Pues bien, él ya estaba triste, fuera de su medio, de su profundidad y con órdenes de no hablar. Sentado en el office, todo lo que podía hacer era mirar la ciudad que tantos kilómetros llena. Todas esas industrias abandonadas esperando la resurrección electrónica, el cuerpo colosal del Rustbelt, los tallos de las altas chimeneas, hoy sin brotes de humo. Uno de los privilegios del muy rico, es dominar una amplia panorámica de esa devastación. Desde la cima del Electronic Tower, la vista era aún más impresionante. La opinión de la señora Layamon, comunicada en la cena, era que aquella torre constituía una «muestra importante de la belleza moderna». Benn no lograba ver la belleza por ninguna parte, pero no estaba como para disentir; durante esas conversaciones en la mesa, mantenía la boca cerrada. De vez en cuando, repetía durante la cena aquello a lo que no le habían prestado atención la primera vez:
—Nosotros vivíamos en ese lugar. Nos mudamos allí desde la calle Jefferson cuando yo tenía unos doce años. El ayuntamiento les quitó la casa a los antiguos propietarios por no pagar los impuestos y mi padre la compró siguiendo el consejo del tío Harold. Creo que pagó setecientos pavos. Tenía un buen patio. Había dos árboles de moras y en junio atraían muchos mirlos.

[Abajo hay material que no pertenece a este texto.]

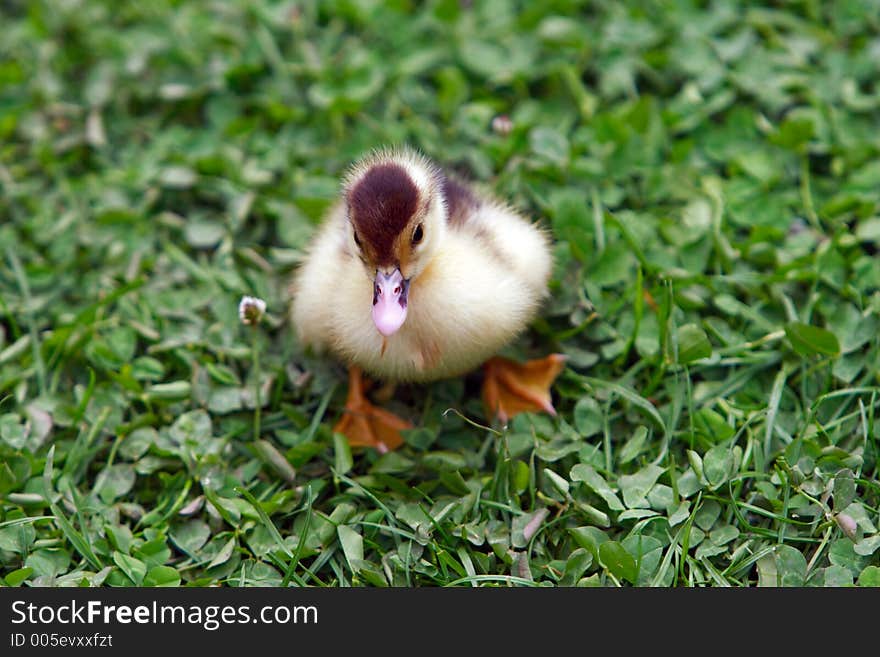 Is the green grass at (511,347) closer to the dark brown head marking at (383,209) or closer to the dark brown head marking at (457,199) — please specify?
the dark brown head marking at (457,199)

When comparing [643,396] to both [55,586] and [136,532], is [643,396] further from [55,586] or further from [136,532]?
[55,586]

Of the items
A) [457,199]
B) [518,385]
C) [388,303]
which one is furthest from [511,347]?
[388,303]

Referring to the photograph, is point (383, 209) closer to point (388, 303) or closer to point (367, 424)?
point (388, 303)

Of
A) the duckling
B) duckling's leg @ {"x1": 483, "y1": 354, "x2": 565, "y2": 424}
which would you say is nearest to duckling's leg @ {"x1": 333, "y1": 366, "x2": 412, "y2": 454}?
the duckling

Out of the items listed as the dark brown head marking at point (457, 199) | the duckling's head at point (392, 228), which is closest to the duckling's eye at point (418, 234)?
the duckling's head at point (392, 228)

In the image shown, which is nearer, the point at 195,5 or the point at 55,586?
the point at 55,586

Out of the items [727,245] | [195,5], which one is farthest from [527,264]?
[195,5] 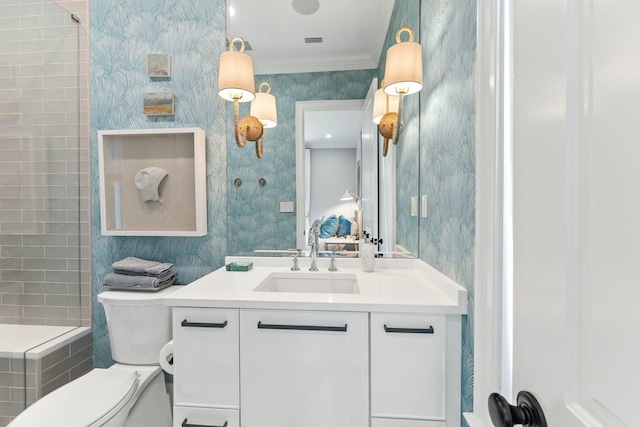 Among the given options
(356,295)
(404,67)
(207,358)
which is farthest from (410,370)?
(404,67)

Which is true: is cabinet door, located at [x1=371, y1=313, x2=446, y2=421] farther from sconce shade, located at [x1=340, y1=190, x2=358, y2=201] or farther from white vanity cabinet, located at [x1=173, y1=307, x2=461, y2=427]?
sconce shade, located at [x1=340, y1=190, x2=358, y2=201]

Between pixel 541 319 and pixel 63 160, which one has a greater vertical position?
pixel 63 160

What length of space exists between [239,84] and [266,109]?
0.19 metres

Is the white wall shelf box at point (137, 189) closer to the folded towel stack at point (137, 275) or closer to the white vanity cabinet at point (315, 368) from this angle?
the folded towel stack at point (137, 275)

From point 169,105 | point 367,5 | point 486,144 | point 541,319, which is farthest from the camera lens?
point 169,105

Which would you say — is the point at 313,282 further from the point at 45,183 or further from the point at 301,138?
the point at 45,183

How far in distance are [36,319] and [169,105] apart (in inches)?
59.1

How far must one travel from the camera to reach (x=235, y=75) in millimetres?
1657

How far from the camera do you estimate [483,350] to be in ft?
2.34

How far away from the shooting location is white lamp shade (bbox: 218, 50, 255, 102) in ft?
5.43

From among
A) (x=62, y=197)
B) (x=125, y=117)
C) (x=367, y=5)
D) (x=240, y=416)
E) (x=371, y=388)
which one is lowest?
(x=240, y=416)

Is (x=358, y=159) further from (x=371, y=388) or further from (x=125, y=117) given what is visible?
(x=125, y=117)

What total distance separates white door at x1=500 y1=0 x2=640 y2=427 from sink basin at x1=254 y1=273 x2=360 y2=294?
3.28ft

Se prestaba muy poca atención a esa historia natural.
—Muy buenos árboles, de los que tienen la fruta blanca. Las moradas tienen mejor sabor.
Los Layamon intercambiaban miradas expresivas. El tío las notaba, pero las interpretaba como signos de aburrimiento. Como veremos, se equivocaba por completo.
Desde el office, pues, Benn tema una vista .privilegiada de la ciudad, de sus calles con socavones y de sus bloques de pisos en ruinas. En el centro, había edificios en construcción, programas de renovación.
—Me pregunto dónde escuchó mi suegra eso de la «muestra importante de belleza moderna». Una o dos veces he tenido la tentación de decirle: «Eso es lo que es su hija», pero no quería pegar un patinazo refiriéndome a Matilda como una «muestra».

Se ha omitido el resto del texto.